I didn’t have an outline, just a vision that the story must open with a plane flying over Las Vegas in the night. To breathe life into an old headline, I went by instinct, and instinct told me to do it this way and for better or worse, I did. Over and over I saw it and heard it, that plane flying over in the blackness of a Vegas night sky, its motors droning on into the distance.
I also knew where Mission would start, with a man (it’s Jimmy Stewart but he isn’t names in the prologue) plagued by PTSD from the war standing in a town covered in fake snow in the Mojave Desert in a heat wave, about to shoot a scene where he goes around shouting “Merry Christmas!” when it was really June. To me it had to start there, in the land of make-believe—the last time Jimmy Stewart had seen snow, it was while he was risking life or death on a rough bombing mission against Nuremberg and could see the Alps off to his south. Now he was back in Hollywood, and what must that have been like for a soldier who had seen too much action?

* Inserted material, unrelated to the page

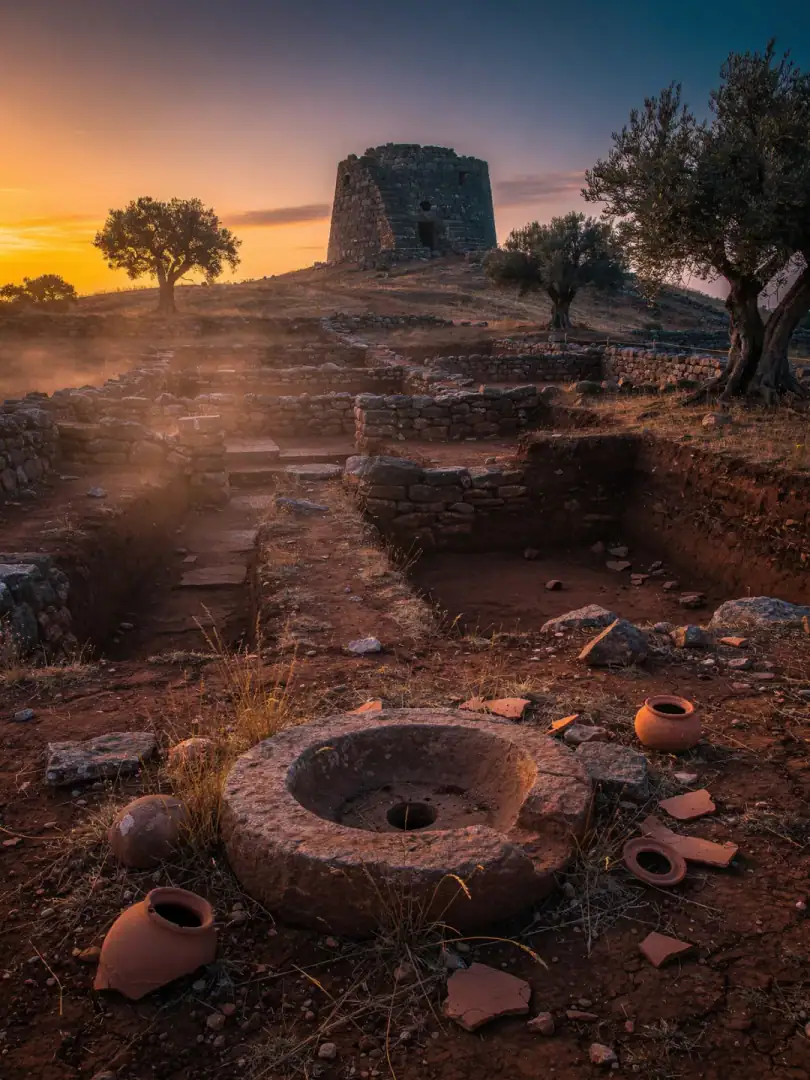 Region & History in the region Sardinia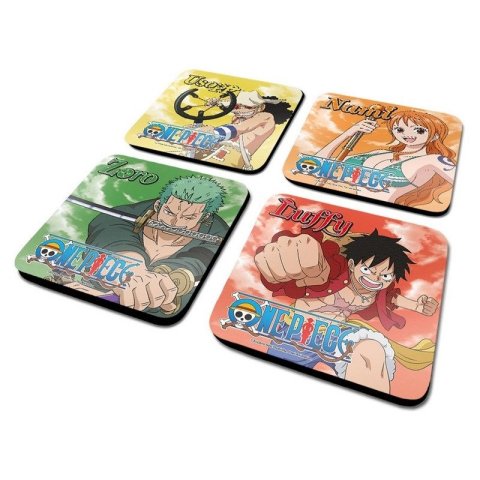 : One Piece set podtácků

While in the Netherlands researching Mission, I discovered the city of Arnhem and learned that Audrey Hepburn had spent the war there. So began the journey as I tried to research Audrey’s life in Arnhem and came up with surprisingly little. I looked at all the biographies and each had, at most, a chapter about the war. A chapter! About the war! It was Jimmy Stewart all over again because that’s what I had found with Jim—biographers would basically say, “So Jim went off to war.” And the next sentence would be, “When he came back…” WHAT?

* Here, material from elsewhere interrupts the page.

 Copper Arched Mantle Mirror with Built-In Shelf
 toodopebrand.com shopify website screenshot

Because of a number of factors—key Dutch people willing to help and key archives I could access—I decided to go for it and write a book about Audrey in the war, which became Dutch Girl: Audrey Hepburn and World War II, to be released in the U.S. on April 15. Embarking on the project, I faced the same challenge I had with Jim, who refused to go on the record about certain aspects of the war. Audrey was another very private person and there were episodes she would discuss, and many she would not. However, this time I had about 6,000 of Audrey’s own words about the war to go on, which was about 5,800 more than I had from Jim, so that was a start.
But how do you structure a narrative about Audrey in the war? All I knew was that once again I had a starting point, a scene that had to begin the book: In the spring of 1935, Audrey’s mother met Adolf Hitler in Munich. Hitler was then the name on lips worldwide, a vibrant and charismatic superstar who had brought pride and prosperity back to a Depression-plagued Germany that had recently lost the Great War. This time around, the reader begins in Hitler’s office and looks into his blue eyes and shakes his hand, all the while wondering, on page one, where in the world is this going?

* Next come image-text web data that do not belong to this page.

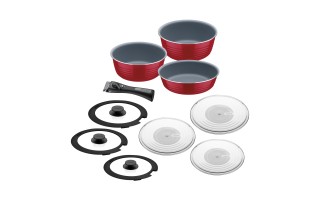 Ollas Multiuso Tramontina Ítria Mango Extraíble Rojo 3pzs Ollas Multiuso Tramontina Ítria Mango Extraíble Rojo 3pzs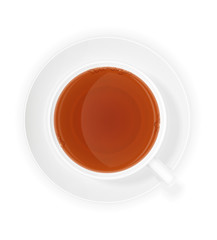 porcelain cup of tea vector illustration
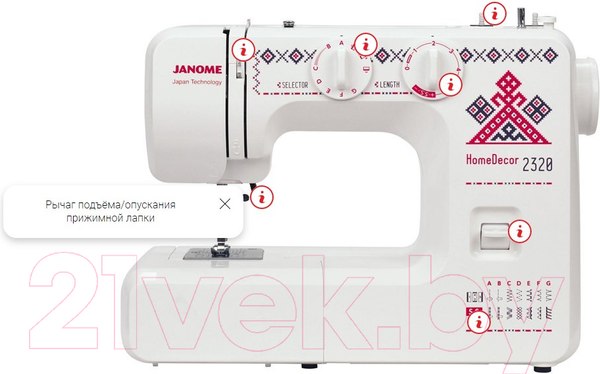 Изображение товара Швейная машина Janome HomeDecor 2320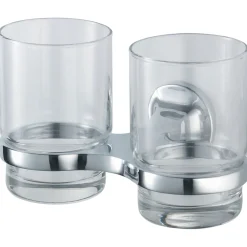 Haceka Aspen Becherhalter doppelt Glas Chrom
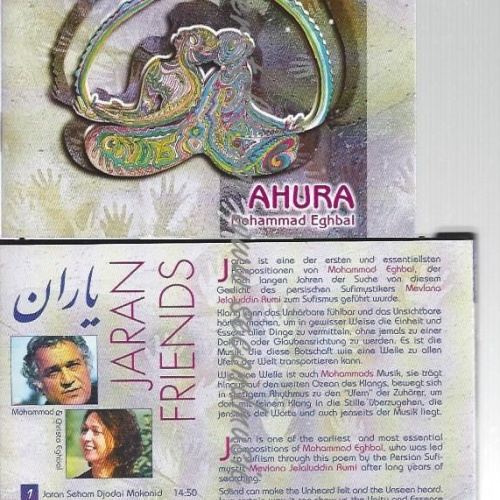 CD--AHURA - MOHAMMAD EGHBAL--    YARAN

Well, I promise, not where you’d expect. There are two main characters to drive the narrative this time, Audrey, who enters adolescence under Nazi occupation in Arnhem, and Ella, Audrey’s mother, the Dutch baroness who had been enamored of Hitler. The twist is that occasionally we flash forward to see Audrey at different points of her adulthood, being who she became because of the war and living with the pain of all that had happened. There’s also a lot of history in this book, about the war, the Nazis, the Dutch Resistance—some joker on Goodreads already slammed the advance reading copy for too much history. “Cut it by a third; lose the history,” this person said.
So now I’m thinking, man, is anybody gonna go for this? I don’t know now any more than I knew when I was writing about a plane on a mountain. I’ll probably be asked in an interview, “Why did you start in Hitler’s office, for heaven’s sake?” And I will respond, hopefully with an appropriate mixture of incredulity and disdain, “Why would I not start in Hitler’s office, for heaven’s sake?”